Gestalt therapist Brussels – Juliette Raoul-Duval
About Juliette Raoul-Duval
I am a Gestalt psychotherapist. I currently work in private practice in Rhode Saint Genèse (between Uccle and Waterloo) and Brussels (Ixelles), offering psychotherapy to adults, children & adolescents. When working with children, I also see families and offer parenting support. I am a French and English speaking psychotherapist, and I have a good understanding of Serbocroatian and Dutch.
I hold a certificate in Gestalt therapy from IBG (the Belgian Institute of Gestalt therapy) and different certificates in sandtray therapy, therapy with children (with Jon Blend, Felicia Carroll after Violet Oaklander’s Gestalt approach), therapy with dreams, psychopathology…. I also hold an MBA degree from HEC Paris. I practiced management consulting before I became a psychotherapist.
Professional registration and affiliation
I am a registered member of two Gestalt professional associations: CEGT and SBG. I subscribe to the CEGT, EAP codes of ethics. I am as well a member of Alter Psy.
What is Gestalt therapy ?
The Gestalt therapy sees people as inextricable parts of their environments, both affecting and affected by these environments, emphasizing that people cannot be understood in isolation, but only as part of the environments in which they live. The focus of Gestalt Therapy is on helping the individual to develop more awareness of their behaviors and ideas. This awareness is supported by focusing on the ‘here and now’ within the therapy session.

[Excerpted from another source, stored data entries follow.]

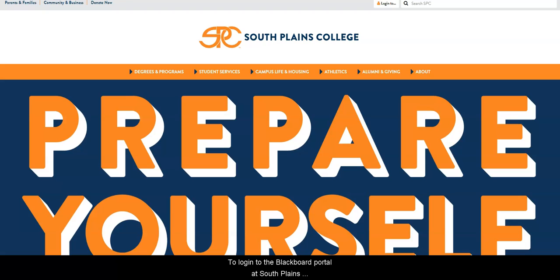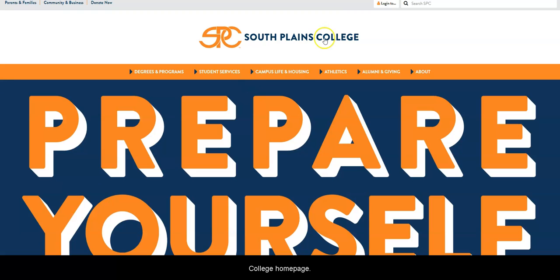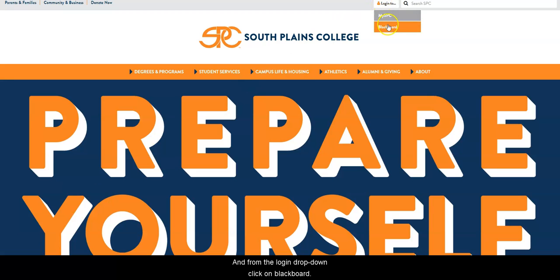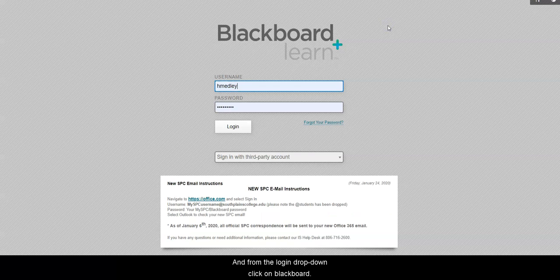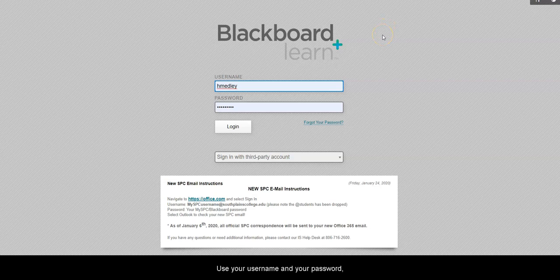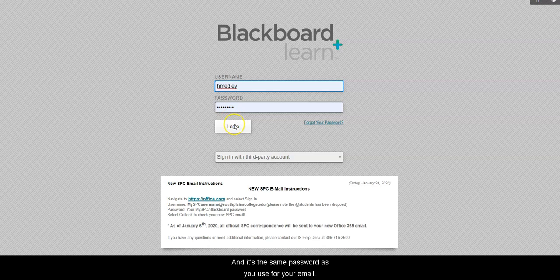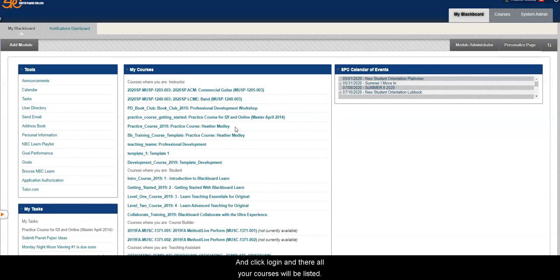To log into the Blackboard portal at South Plains College, go to the South Plains College homepage and from the login drop-down, click on Blackboard. Use your username and your password — not the entire email address, just your username — and it's the same password as you use for your email. Click login and all your courses will be listed.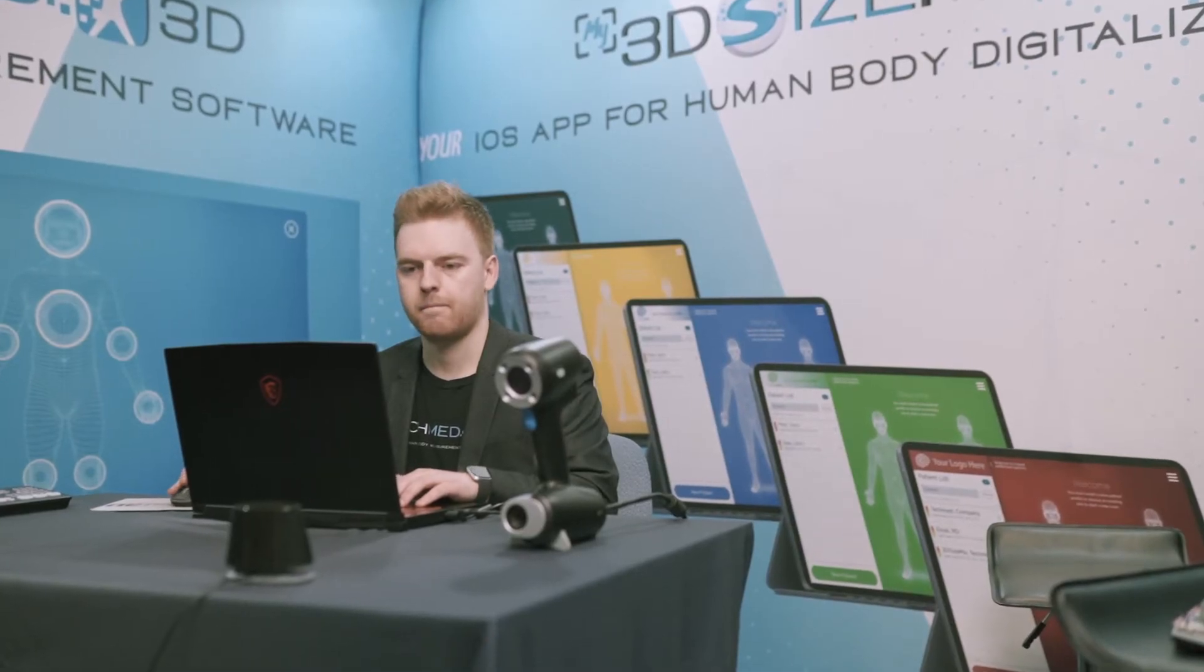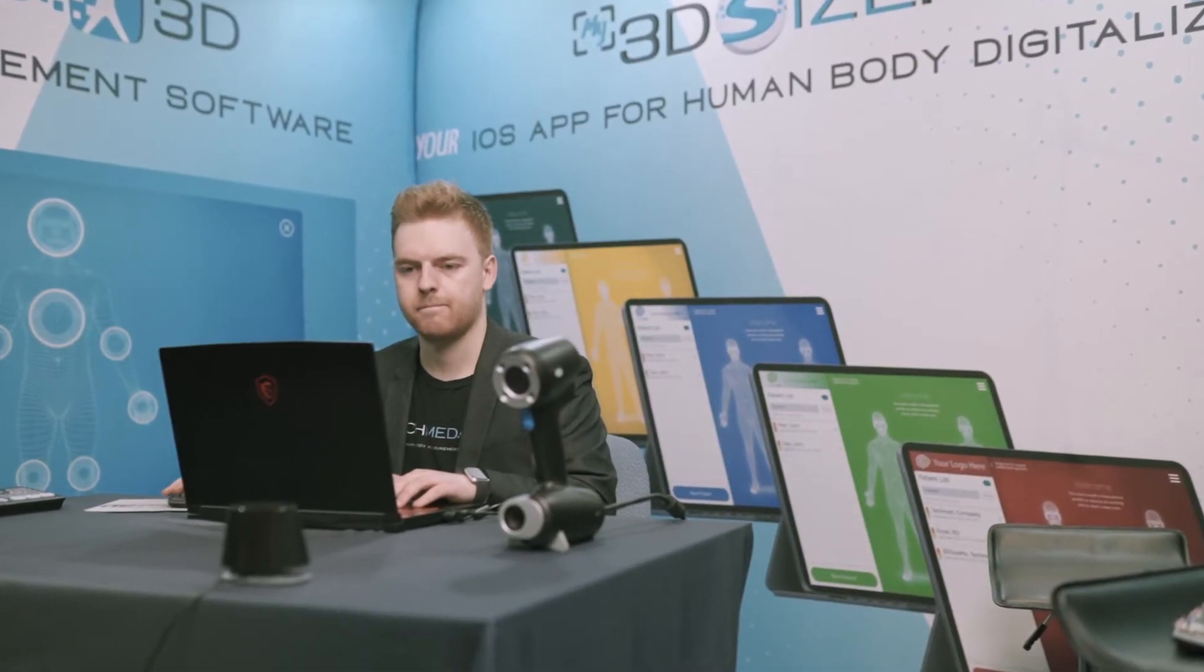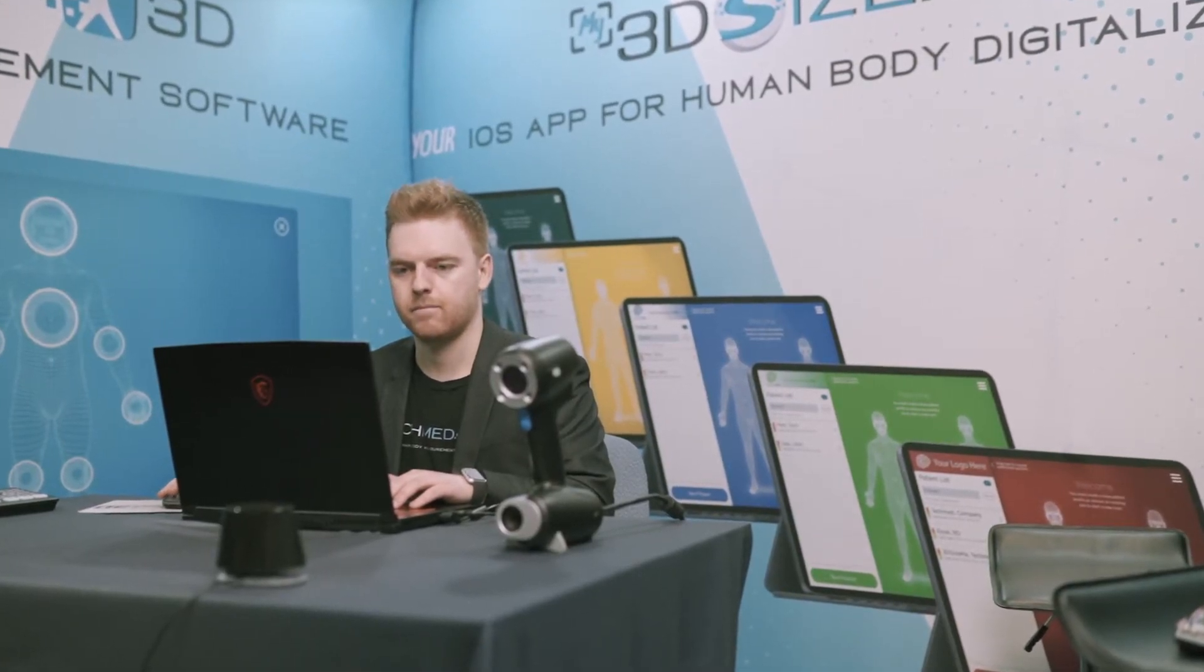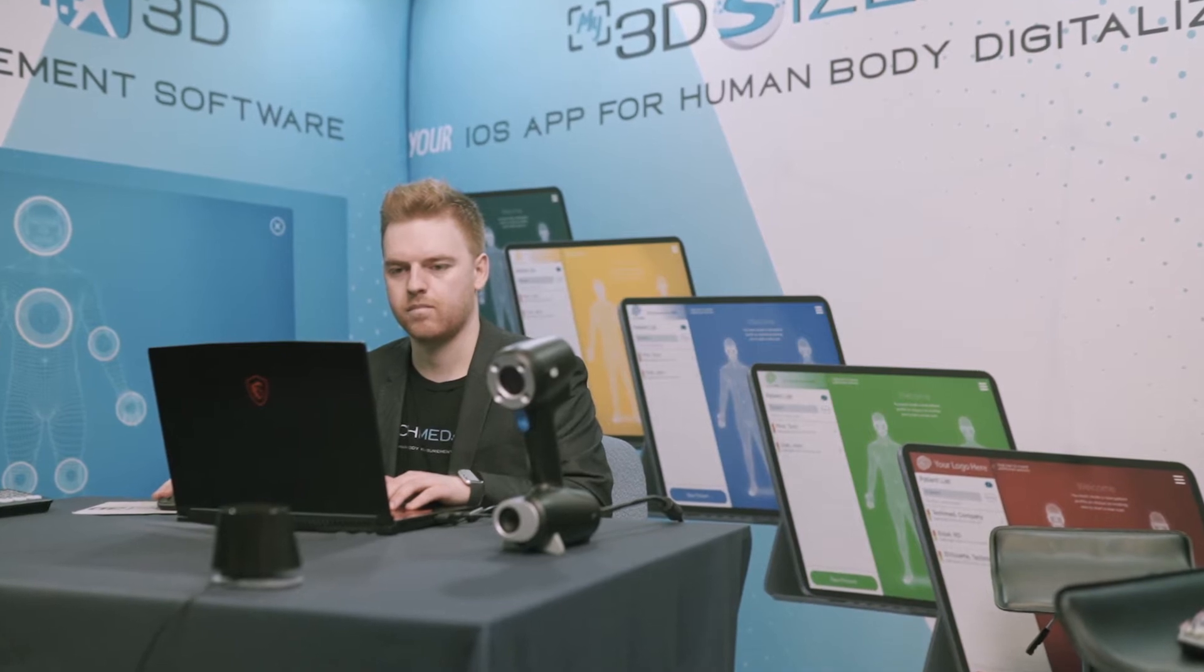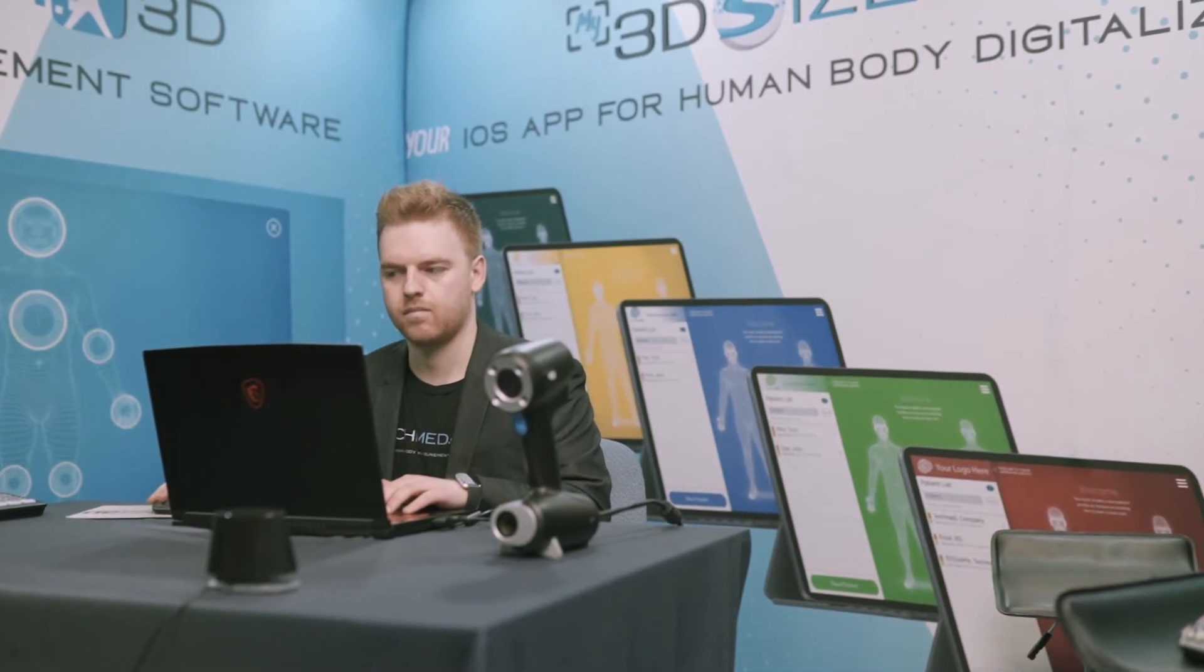Calibrating your body scan scanner is essential to get accurate measurements and to simplify your scanning experience.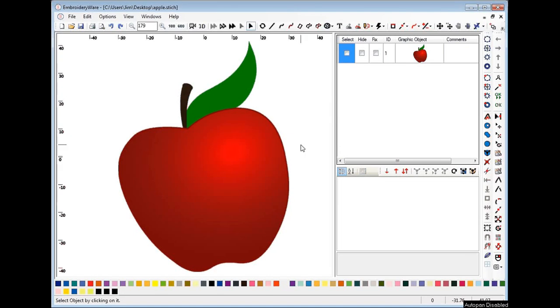Hello everyone. This video is going to be about the new trace feature in Brogaware. I have here a graphic of an apple that will show most of the features of the trace feature.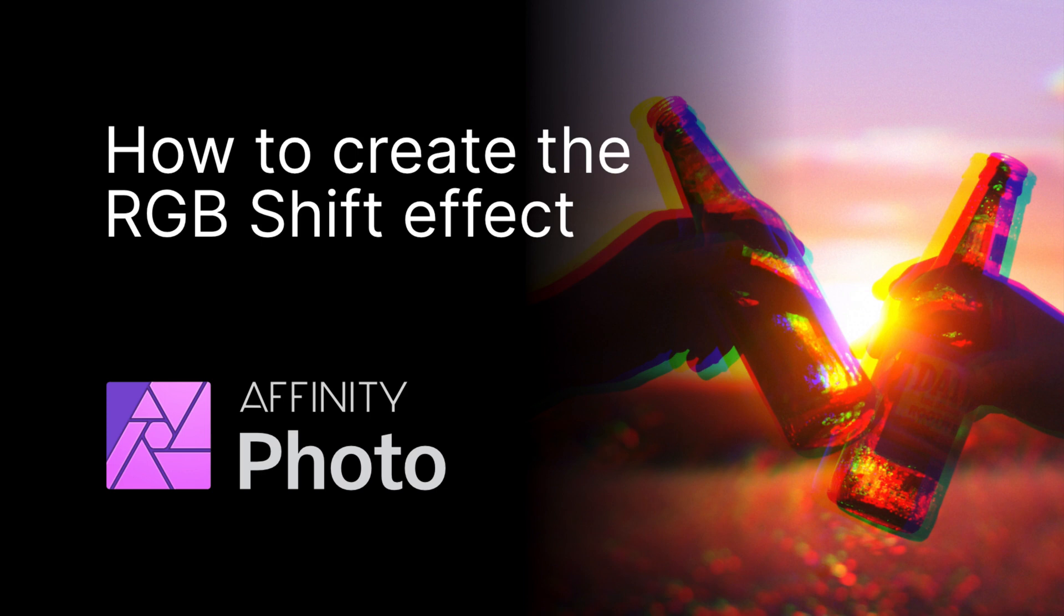Welcome! In today's video I will show you how to create an RGB shift effect in Affinity Photo. Let's get started!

Gestalt Therapy, theory, and practice, emphasize a number of important principles:
• Both individual and the field of which he or she is a part, are considered to be self-regulating, adaptive, and growthful. Thus what is commonly thought of as psychopathology is seen as creative adaptive behavior appropriate to the environment in which it was developed but not to current situation.
• The Gestalt approach embraces the whole of a person’s life experience — physical, psychological, intellectual, emotional, interpersonal and spiritual.
• The Gestalt approach is more interested in the awareness of process (thinking, feeling and doing) or “what” and “how” a person does what he or she does than in “why” a specific action takes place. How action is created is more important than why it is created if one is interested in facilitating change. Awareness of “how” gives the person genuine choice and hence the option of change and responsibility.
• The relationship between the Gestalt therapist and the client has enormous potential because it is a laboratory which can be observed directly. The Gestalt therapist is more interested in the verifiable experience of the client than in the interpretation by the therapist.